I had that experience again at my various visits to Occupy Oakland, most intensely this past Wednesday, November 2, 2011. It was a strong protest of the class war that has been waged by the most wealthy 1% of the population and their hired guns in the media, the political world, and the educational institutions against the 99% of the population who have suffered both materially and spiritually in the past 4 decades. But it was also and simultaneously a powerful reaffirmation, celebration and manifestation of the life and love energy of the universe that we in the religious community call God, Spirit, Unity of All Being, Source, Creator, Allah, YHVH, Jesus, Buddha, Krishna, Mother, Father, Elohim, Yah, Goddess, and much more.
The tens of thousands of people who streamed through the various parts of the day were there to affirm life, to manifest love, and to challenge the injustice and unrighteousness of our economic and political system. And they did so with remarkable energy, creativity, beauty, and intelligence.

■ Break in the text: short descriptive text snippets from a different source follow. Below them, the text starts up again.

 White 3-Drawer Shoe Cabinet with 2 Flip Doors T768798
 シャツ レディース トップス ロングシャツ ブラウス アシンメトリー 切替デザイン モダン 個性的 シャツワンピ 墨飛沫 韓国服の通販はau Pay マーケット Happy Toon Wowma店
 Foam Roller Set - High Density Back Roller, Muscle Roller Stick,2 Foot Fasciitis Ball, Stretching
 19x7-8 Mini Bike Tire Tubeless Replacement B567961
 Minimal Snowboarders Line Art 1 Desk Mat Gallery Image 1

Some of the scenes I liked best:
*Two pre-teen girls sitting with several pieces of poster board trying to decide which of the many slogans they had created should go their posters and how best to decorate them
*200 children plus their parents who staged a children's march to the Oakland library whose services have been radically cut as a result of the national assault on the public sector
*Twenty children of color who performed a series of dances to songs articulating the visions of a just and caring world.
*Thousands of people marching to the downtown main branches of Bank of America and Wells Fargo and other banks that benefitted from our tax money. They held signs saying "You got bailed out--we got thrown out" (a reference to the banks opposition to lowering interest rates on home mortgages).

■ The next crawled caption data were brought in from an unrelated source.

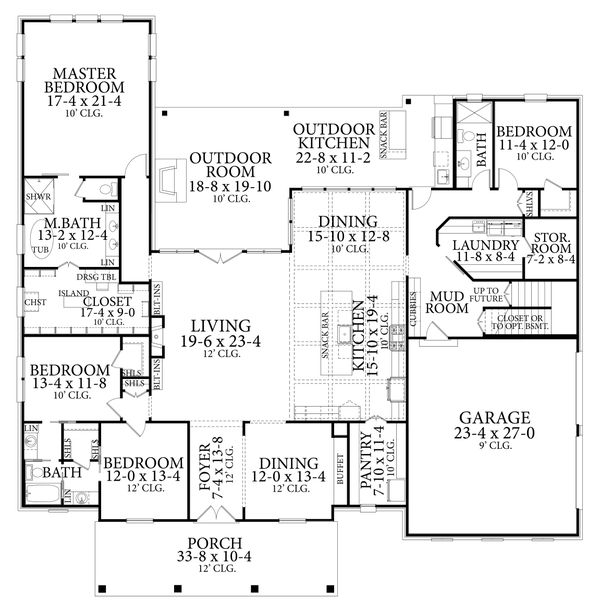 Home Plan - Traditional Floor Plan - Main Floor Plan #406-9664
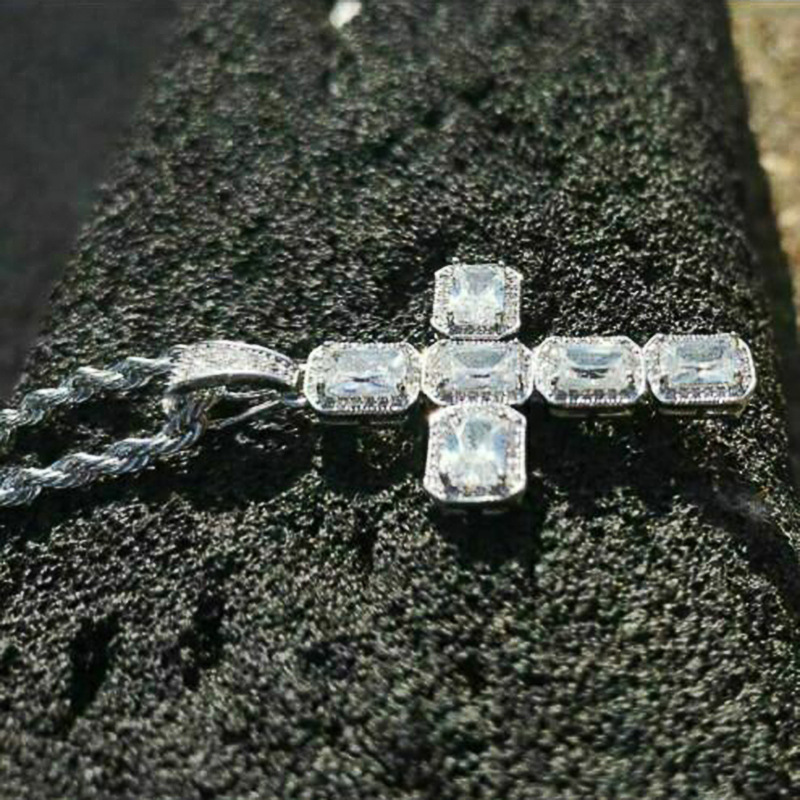 Hip Hop Cross Pendant: 10KT White Gold Fill Princess Cut Cubic Zirconia Vintage Jewelry Necklace for Men and Women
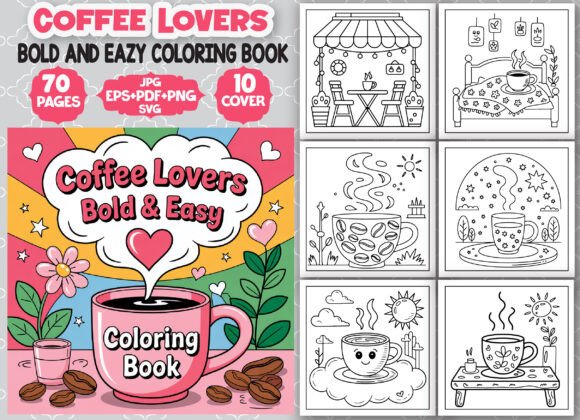 Download Coffee Lovers Bold &amp; Easy Coloring Book - K Collection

*A crowning moment, when what seemed to grow to over ten thousand people marched to the Port of Oakland and the management of the Port announced that it had been shut down.

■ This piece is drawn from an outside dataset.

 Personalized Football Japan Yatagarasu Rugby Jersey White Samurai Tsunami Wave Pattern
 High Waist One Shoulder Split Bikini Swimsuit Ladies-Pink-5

*Our Jewish contingent and our Interfaith Clergy both set up tents and provided quiet space, prayer, meditation, and teachings from our traditions to hundreds of people who wanted that energy as well as the more overt protest energy.
And, like the 60s, there were also problems. *In the name of "inclusion" and "non-judgmentalism" the vast majority of non-violence oriented people felt unable to stop the 50-60 self-described anarchists from breaking windows and introducing a feel of violence that gave the corporate media their pretext for making "violence" the center of the story they reported to the world.
*In a spirit of anti-leadership parading other the misleading banner that "we are all leaders and have no leaders" it has become impossible to develop a coherent vision of what we are for (full revelation: I've been pushing for the Occupy movement to call for
1. a New New Deal providing full employment rebuilding the US infrastructure and repairing the environment
2. A freeze on home expulsions for anyone who owns only one home and whose mortgage rates are now higher than originally contracted and a mandatory return to those lower rates for everyone
3. A single payer national health plan for all
4. Free college or university education for all
5. A Global Marshall Plan
6. Banning all money from elections except that provided by the government and requiring free and equal time to all major candidates from the media
7. An environmental and social responsibility Amendment ot the U.S. ConstitutionP.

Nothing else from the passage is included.